Russian President Vladimir Putin signed a law that would grant Russian passports to millions of Ukrainians living in the separatist regions of Donetsk and Luhansk. While this may seem like an innocuous declaration to the casual observer, the international community is up in arms in opposition to the move.
Ukraine’s foreign minister Pavlo Klimkin tweeted the following in reaction to the announcement, which has been translated from the original Ukrainian:
“I call on Ukrainian citizens in Russian-occupied territories not to accept Russian passports. Russia has deprived you of the present, but now it encroaches on your future.”

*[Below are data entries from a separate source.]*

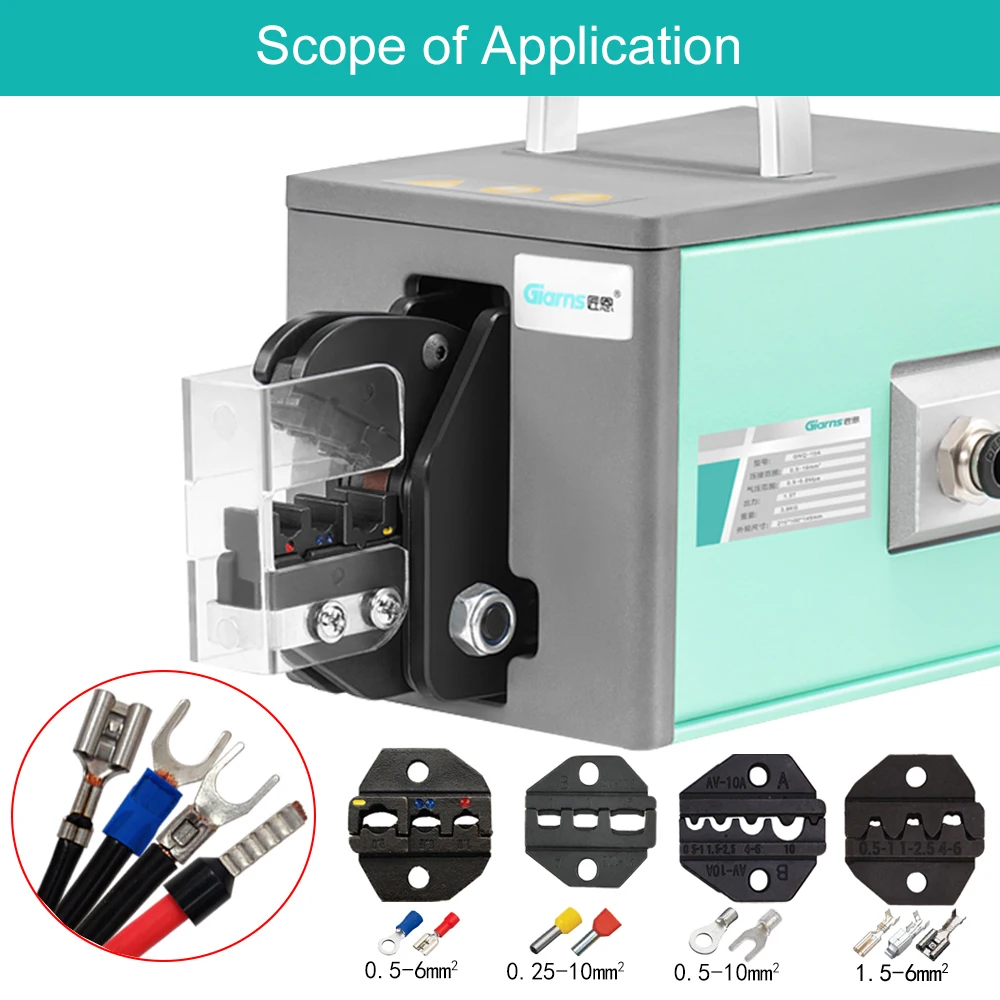Pneumatic Crimping Pliers Cold Press Terminal Crimping Pliers Multifunctional Wiring Machine Electric Needle Terminal Machine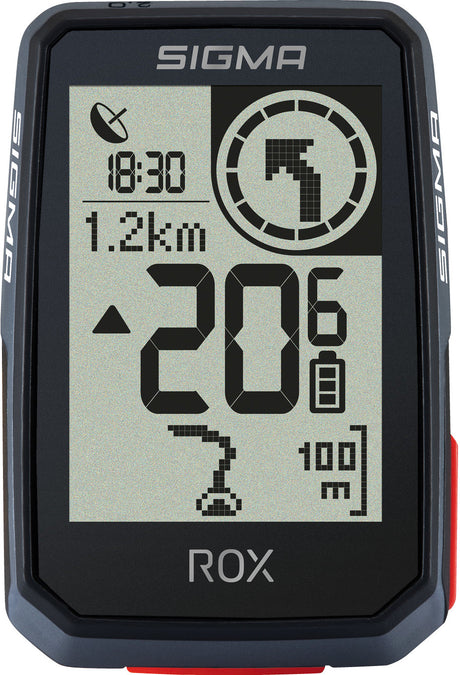 Sigma ROX 2.0 fietscomputer incl. Butler GPS houder zwart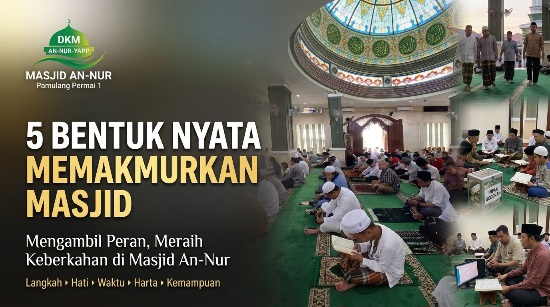Jejak Subuh dan Falsafah ‘5 Bentuk Memakmurkan Masjid’ di Pamulang Permai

The West has supported Ukraine in response to this Russian act. The European Union denounced the move as “another attack on Ukraine’s sovereignty by Russia,” while Lithuania’s foreign minister Linas Linkevicius commented in an interview with Reuters, “this is a blatant violation of international law. And basically also a kind of test to the new [Ukrainian] leadership, which is also a usual game.”
Indeed, it is certainly no coincidence that Putin took such a bold step just days after Ukraine elected the comedian Volodymyr Zelensky as president, ousting the highly unpopular incumbent Petro Poroshenko. Zelensky has never held public office.
Therefore, this move by Putin can be rightly interpreted as a preliminary probe to test his new counterpart’s capabilities. Moreover, the timing is especially ideal for Russia because Zelenksy is in no position to retaliate right away since the deadline for his inauguration is not until June 3.
But what is the significance of Russian passports in eastern Ukraine? The official Russian rationale is based on humanitarian reasons. Putin commented that before the announcement, the residents of Donetsk and Luhansk were “completely deprived of civil rights” and were unable to neither “move normally” or “realize their most elementary needs.”
Objective observers may see the law in a more critical light. The decision to grant passports to citizens in a different country without that government’s permission is a clear breach of sovereignty. What is even more concerning, however, is that Russia has employed this strategy before.
In 2002, Russia allowed citizens in Abkhazia, now one of Georgia’s breakaway regions, to obtain Russian passports.
Six years later, Russia invaded Georgia under the guise of defending Russian nationals in the region. But in reality, this action helped Abkhazia and South Ossetia break away. Thus it would be logical to presume that Russia’s intentions in eastern Ukraine are similar.
Zelensky will therefore face an immediate crisis when he assumes the presidency in about a month. Skeptics argue the comedian-turned-head of state is nothing but a puppet of the oligarch Ihor Kolomoisky, who is a rival of Poroshenko’s. Zelensky’s reaction to the crisis will, therefore, be a quick demonstration of his mettle.
However, Zelensky doesn’t have much leverage over Russia. He could call for further sanctions and, as Linkevicius suggested, not recognize these new passports. Zelensky could also seek further negotiation with Putin, which was something he said he would pursue. If Putin’s comments can be trusted, the Russian leader may, in fact, be open to this option.
On Saturday at a press conference in Beijing, Putin said, “If we ever meet in order to hold talks — and I don’t rule out such a possibility — we will first and foremost have to discuss ways to end the conflict in southeastern Ukraine.”
However, if the intentions behind the move are synonymous with Russia’s intentions in Georgia back in 2002, it is likely there is little Zelensky can do to sway the Kremlin.
Much like in the case of South Ossetia and Abkhazia, it is most likely that Putin intends to solidify his de facto — rather than his de jure — control over eastern Ukraine. Issuing passports appears to be just one of many steps to achieving that goal.